Son páginas por las que desfilan actores porno retirados, presidiarios de vergas descomunales, policías que cabalgan tornados, ancianas secuestradoras y todos los personajes salidos de la mente del autor de Mis modelos de conducta. El momento cumbre llega cuando Waters es sodomizado por unos extraterrestres, lo que convierte su recto en un órgano mágico capaz de hacer milagros, como cantar un dúo con Connie Francis.
El último capítulo, Lo que realmente sucedió, es un homenaje a la buena gente que el autor conoció armado de cartones escritos a mano con leyendas como </CF>No soy un psicópata.
—¿Cómo es la gente en la carretera?
—La gente que sube a autoestopistas, a menos que sean asesinos en serie, es buena, personas que prefieren hablar antes que oír la radio. Es gente a la que le gusta la gente. Nunca tuve la sensación de estar en peligro. Y si lo estuve, no me di cuenta. El mayor peligro fue el de que nadie me subiera a su coche.
—¿Aprendió algo?
—Me cambió la percepción que tenía de este país, que no es tan predecible como pensaba.

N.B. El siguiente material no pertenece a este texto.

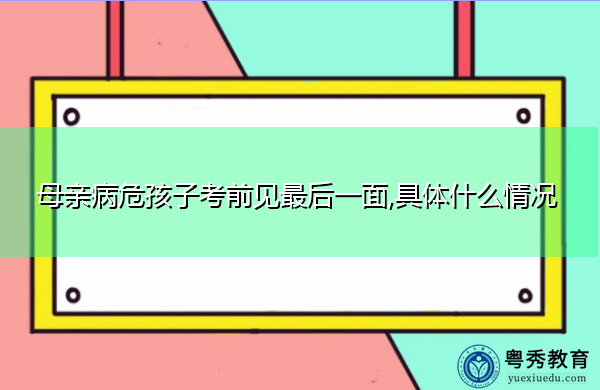 母亲病危孩子考前见最后一面,具体什么情况 母亲病危孩子考前见最后一面,具体什么情况
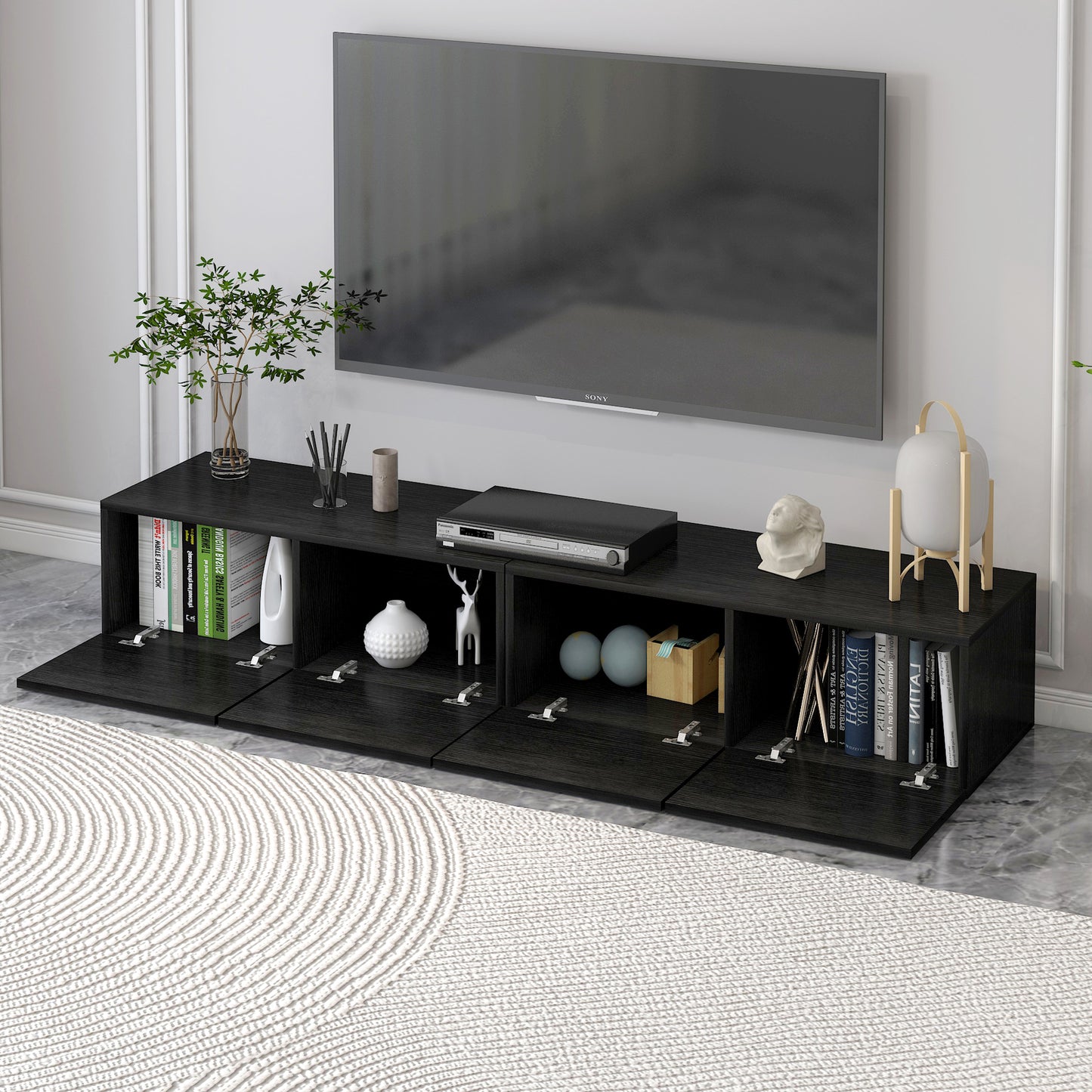 2m Lusso Designer Wooden TV Cabinet Entertainment Unit 200cm (Black)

Waters devuelve a la América que parodió algo de lo que de ella recibió. Dormir en hoteles baratos, comer en Mcdonald's, pasar horas bajo la lluvia con una bolsa de imitación de cocodrilo y cinco pares de calzoncillos no deja de ser una expiación. “Sólo me río de las cosas que amo, que admiro y no acabo de comprender”, afirma.
—¿Le reconocieron?
—Sólo dos mujeres, el primer día, aquí en Baltimore. Incluso la gente que me reconoció no se creía que era yo. No daban crédito. Es como si subes a alguien y te dice que es Franco.
Los compañeros de viaje de la parte real del libro fueron gente corriente: un granjero, un minero, un joven republicano con un Corvette, un veterano de Vietnam, un directivo de una cadena de tiendas… En un momento dado, su aventura se tornó viral cuando los miembros de un grupo indie tuiteraron su encuentro con el realizador.
Waters no piensa repetir. Ahora se dedicará a la promoción del libro y a recorrer ciudades de Estados Unidos con un monólogo navideño. Terminada la entrevista y la sesión de fotos, el escritor saca una Polaroid y pide que el reportero y el fotógrafo posen para él. “En este casa siempre se queda una foto de quien la visita”, explica con tono imperativo bajo la dulce mirada de Leif Garrett.